In this regard, the strong message sent by the ICO will provide Mr McNamara, and the Kwik Fix victims, with a measure of comfort this Christmas that cold calling could be costly if it isn't conducted appropriately.

Amber discovered this in April this year when they were fined £50,000 for their failure to comply with the rules on unsolicited direct marketing calls under the Privacy and Electronic Communications Regulations 2003.

Between the months of May 2011 and April 2013 Amber made nearly four million telephone calls, of which roughly 80-90% were direct marketing calls. Amber subsequently appealed the monetary penalty issued by the ICO, a penalty which has now been upheld.

The Tribunal dismissed appellant's evidence as fundamentally lacking in relevance and detail before handing down its verdict that 'the penalty was appropriate (or, indeed, lenient) in the circumstances, and the appellant has no legitimate complaint concerning its size'.

The Amber decision, delivered last week, is, to date, the most extensive analysis of the monetary penalty process.

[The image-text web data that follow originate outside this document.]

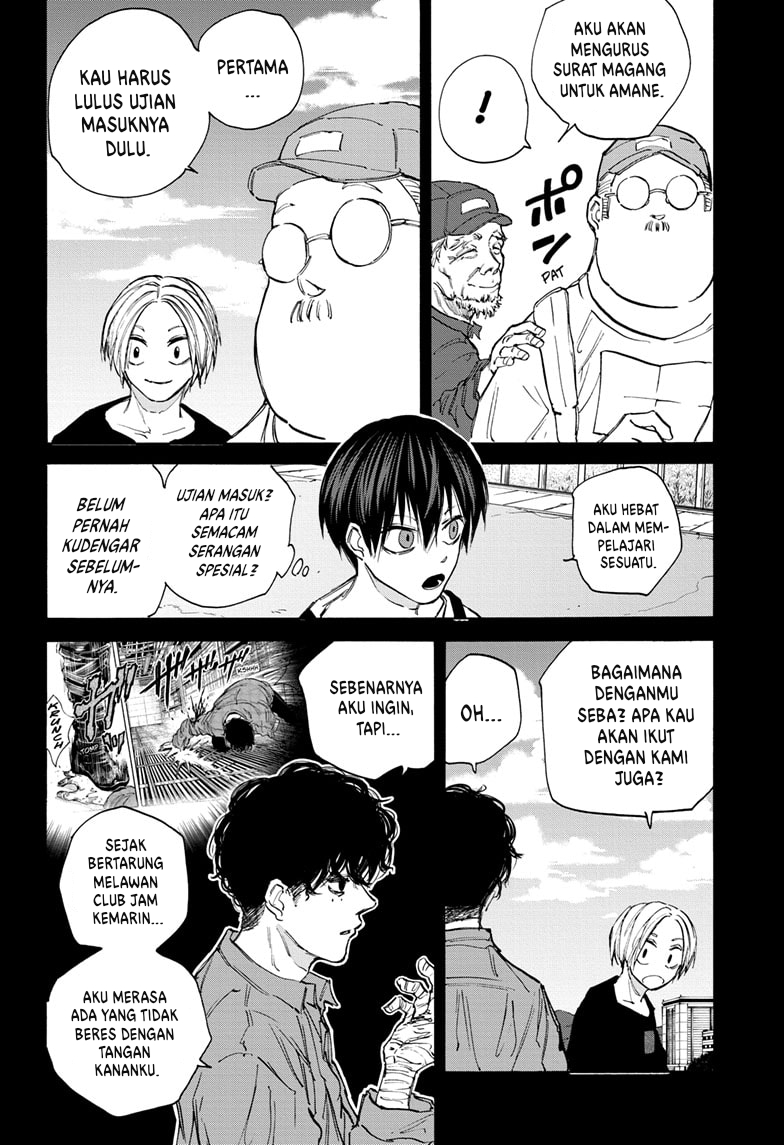 Chapter 105 - halaman 11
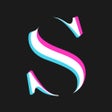 Иконка программы: Storyluxe: Templates  Fil…
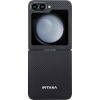 Pitaka kaitsekest MagEZ Case 5 for Samsung Galaxy Z Flip6 must/hall Twill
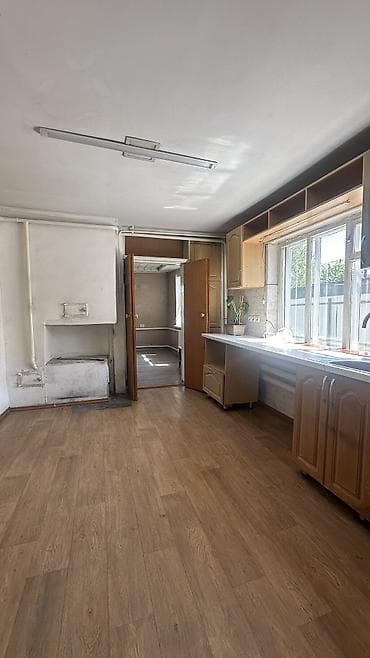 jack 4: Продается дом ! Район Аламединский рынок Участок 2 сотки Дом 60 м2 — 7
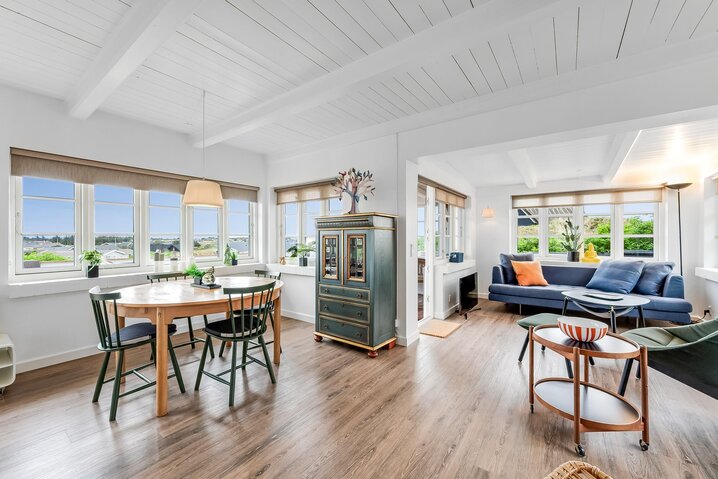 Ferienhaus i6918 in Hvidbjergvej 48, Søndervig - Bild #6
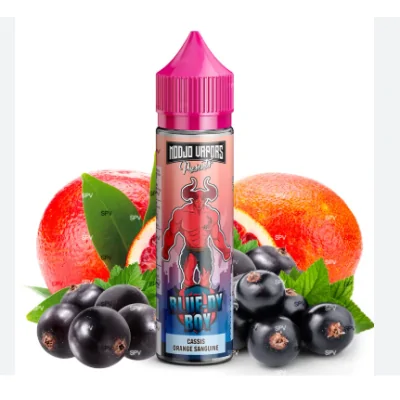 Blue-Dy Boy - 0mg 50ml - Modjo by Liquidarom - ShortfillBlue-Dy Boy - 0mg 50ml - Modjo by Liquidarom - Shortfill50ml 50PG | 50VG Fruity Blackcurrant Blood orange made in France- Geschmack: Schwarze Johannisbeere / Blutorange- PG/VG-Verhältnis: 50/50- Ohne Wasser, ohne Alkohol- Inhalt: 50ml netto (70ml Flasche)- Garantiert diacetylfrei, parabenfrei, ambroxfrei.- Flakon Chubby Gorilla- Herkunft: Frankreich- Marke : Modjo Vapor - LiquidaromGeschmack:Liquidarom Modjo Vapors ist eine Sammlung von e-Liquids, die in Frankreich vom Labor Liquidarom, einem anerkannten Akteur in der Vaporisationsindustrie, hergestellt werden. Diese e-Liquids sind in 50 ml-Flaschen abgefüllt und haben ein PG/VG-Verhältnis, das je nach Referenz variiert (40/60 oder 50/50 PG/VG). Das Sortiment bietet eine große Vielfalt an Aromen, von fruchtigen Mischungen bis hin zu Gourmetkompositionen, wobei einige Referenzen auch frische Aromen enthalten.16542Liquidarom High Quality French Vapors18,90 CHFsmoke-shop.ch18,90 CHF Blue-Dy Boy - 0mg 50ml - Modjo by Liquidarom - ShortfillBlue-Dy Boy - 0mg 50ml - Modjo by Liquidarom - Shortfill50ml 50PG | 50VG Fruity Blackcurrant Blood orange made in France- Geschmack: Schwarze Johannisbeere / Blutorange- PG/VG-Verhältnis: 50/50- Ohne Wasser, ohne Alkohol- Inhalt: 50ml netto (70ml Flasche)- Garantiert diacetylfrei, parabenfrei, ambroxfrei.- Flakon Chubby Gorilla- Herkunft: Frankreich- Marke : Modjo Vapor - LiquidaromGeschmack:Liquidarom Modjo Vapors ist eine Sammlung von e-Liquids, die in Frankreich vom Labor Liquidarom, einem anerkannten Akteur in der Vaporisationsindustrie, hergestellt werden. Diese e-Liquids sind in 50 ml-Flaschen abgefüllt und haben ein PG/VG-Verhältnis, das je nach Referenz variiert (40/60 oder 50/50 PG/VG). Das Sortiment bietet eine große Vielfalt an Aromen, von fruchtigen Mischungen bis hin zu Gourmetkompositionen, wobei einige Referenzen auch frische Aromen enthalten.16542Liquidarom High Quality French Vapors18,90 CHFsmoke-shop.ch18,90 CHF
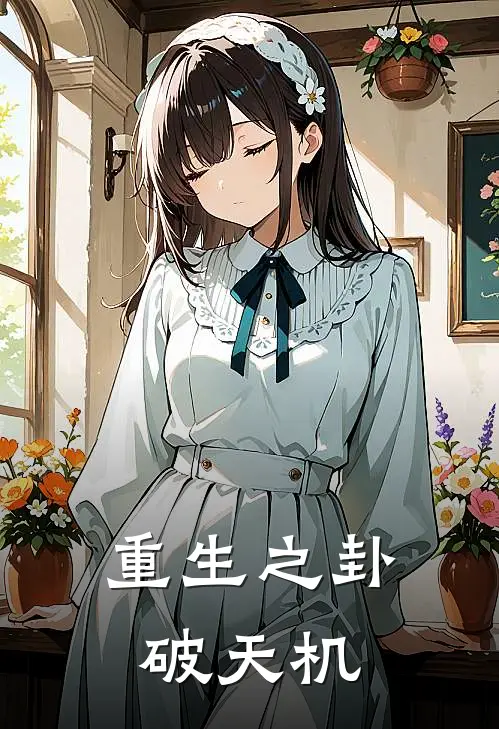 重生之卦破天机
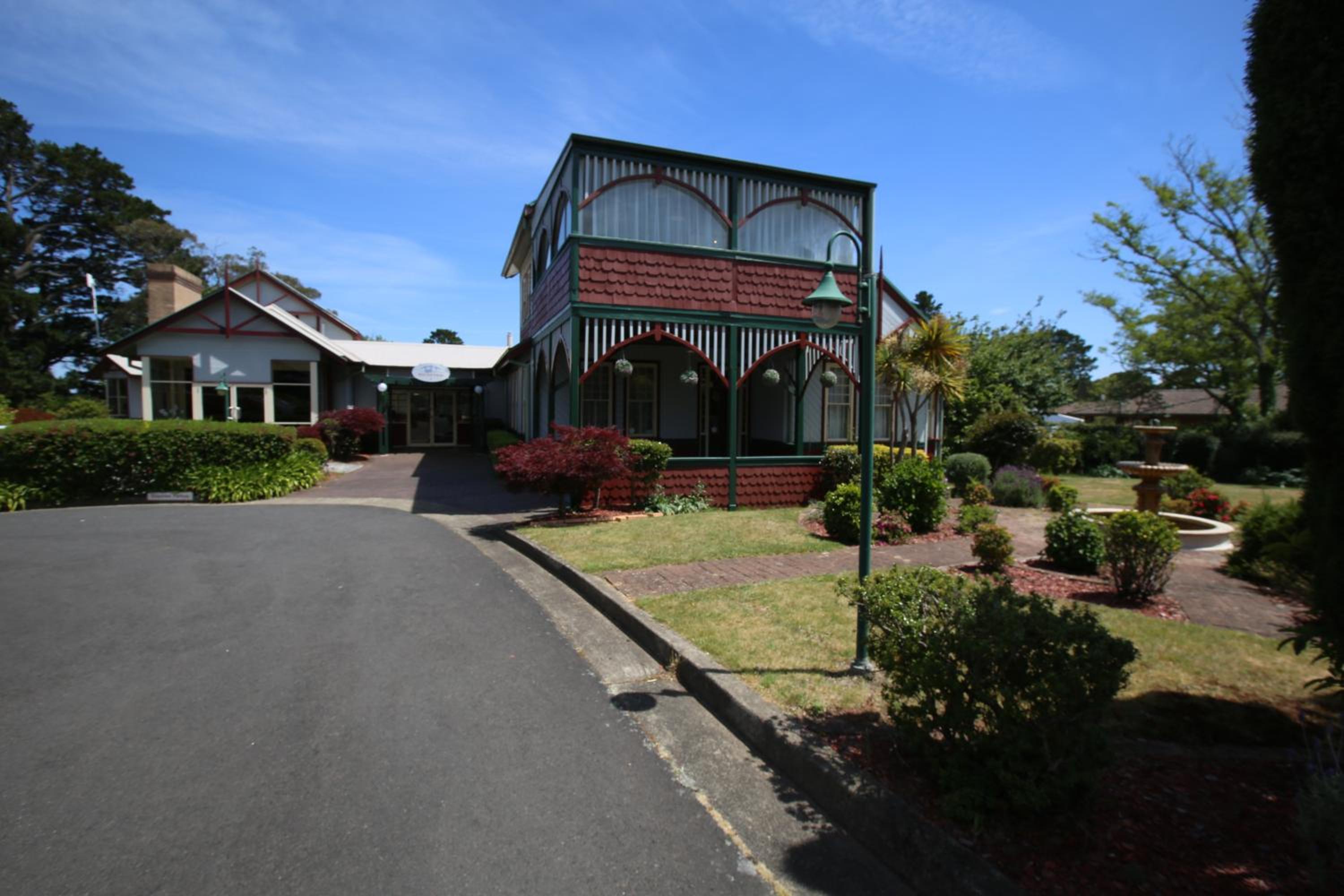 La Maison Boutique Hotel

Both it, and the Kwik Fix case, add to a number of direct marketing monetary penalties that have been issued by the ICO in 2014, with no sign of any let up by the ICO in his pursuit of direct marketers, this appeal provides further evidence of the fact that companies must ensure their compliance with the Regulations and the Data Protection Act and that it is worthwhile for consumers to make a complaint.